Restoring a checkpoint for inference test on rllib

1. Severity of the issue: (select one)
High: Completely blocks me.

2. Environment:

  • Ray version: 2.44.1
  • Python version: 3.11
  • OS: Linux & Windows
  • Cloud/Infrastructure: Local Ray instance on colab
  • Other libs/tools (if relevant):

3. What happened vs. what you expected:

  • Expected: I was saving a checkpoint for a DQN config.

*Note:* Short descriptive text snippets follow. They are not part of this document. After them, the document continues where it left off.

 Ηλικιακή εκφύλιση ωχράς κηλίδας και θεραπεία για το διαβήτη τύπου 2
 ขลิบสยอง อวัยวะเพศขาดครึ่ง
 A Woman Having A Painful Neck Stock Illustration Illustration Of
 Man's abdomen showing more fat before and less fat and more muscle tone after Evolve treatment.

I trained the algorithm on an environment with available gpu. i want to test it visually ( using SUMO simulator ) so i needed to restore the model locally. expected it to work out of the box.
  • Actual: getting this error - File “C:\Users\ilai\AppData\Local\pypoetry\Cache\virtualenvs\rl-tsc-2025-WnPmI87f-py3.11\Lib\site-packages\ray\rllib\utils\framework.py”, line 88, in get_device
    assert config.local_gpu_idx < torch.cuda.device_count(), (
    ^^^^^^^^^^^^^^^^^^^^^^^^^^^^^^^^^^^^^^^^^^^^^^^^
    AssertionError: local_gpu_idx 0 is not a valid GPU ID or is not available,
    as it expects a GPU to be available where this config is ran ( had a different error message on other ray versions but same problem )

code is basic,
algo = Algorithm.from_checkpoint(checkpoint_path),
where checkpoint paths refers to a local checkpoint - “/path/to/checkpoints/checkpoint_xxx”
and checkpoint dir looking as follows -

On earlier ray versions i could bypass it by editing the pkl of the algorithm_state but on this version it fails. ( had a different error after solving this issue with the other version so tried updating to the latest version, of course model is trained on the same ray version )

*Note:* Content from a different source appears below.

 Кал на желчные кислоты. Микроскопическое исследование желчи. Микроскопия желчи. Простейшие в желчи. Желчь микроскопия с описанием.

Hey @Ilai_Dabush, welcome to the forums!

I have a few questions for you:

  • You mentioned you trained the policy with an available GPU, does your current setup (venv) have a GPU?
  • Can you try the below?
import torch
print(torch.cuda.is_available(), torch.cuda.device_count())

This will show you if torch is detecting your GPU/s. Depending on what the answer is to the above this will help with troubleshooting and helping you. Essentially, I think from reading this assertion on the RLLIB side, it is checking to see if you have a GPU available or not (from the below).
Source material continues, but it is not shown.